Please reproduce exactly, and only, the lines from the one with "Fuente de alimentación" through the last line of the listing below, both ends included, leaving out the pictures.

_PROVIDED MATERIAL_
'''

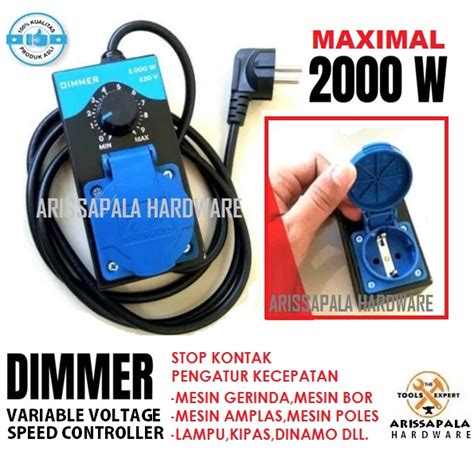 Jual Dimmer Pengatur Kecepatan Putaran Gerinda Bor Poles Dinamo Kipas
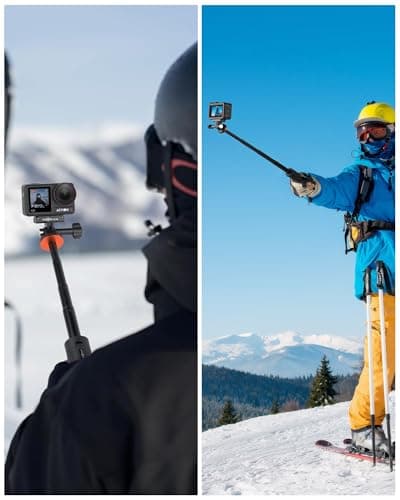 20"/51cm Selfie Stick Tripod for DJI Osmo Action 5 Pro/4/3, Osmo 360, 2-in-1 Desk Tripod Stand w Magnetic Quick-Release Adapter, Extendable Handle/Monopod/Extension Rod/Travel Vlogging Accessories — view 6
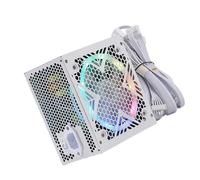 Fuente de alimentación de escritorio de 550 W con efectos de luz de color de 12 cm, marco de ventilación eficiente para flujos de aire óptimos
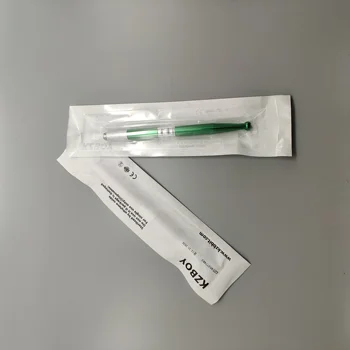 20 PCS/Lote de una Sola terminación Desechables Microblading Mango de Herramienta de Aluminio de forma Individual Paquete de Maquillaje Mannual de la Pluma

'''

_TASK RESULT_
 Fuente de alimentación de escritorio de 550 W con efectos de luz de color de 12 cm, marco de ventilación eficiente para flujos de aire óptimos
 20 PCS/Lote de una Sola terminación Desechables Microblading Mango de Herramienta de Aluminio de forma Individual Paquete de Maquillaje Mannual de la Pluma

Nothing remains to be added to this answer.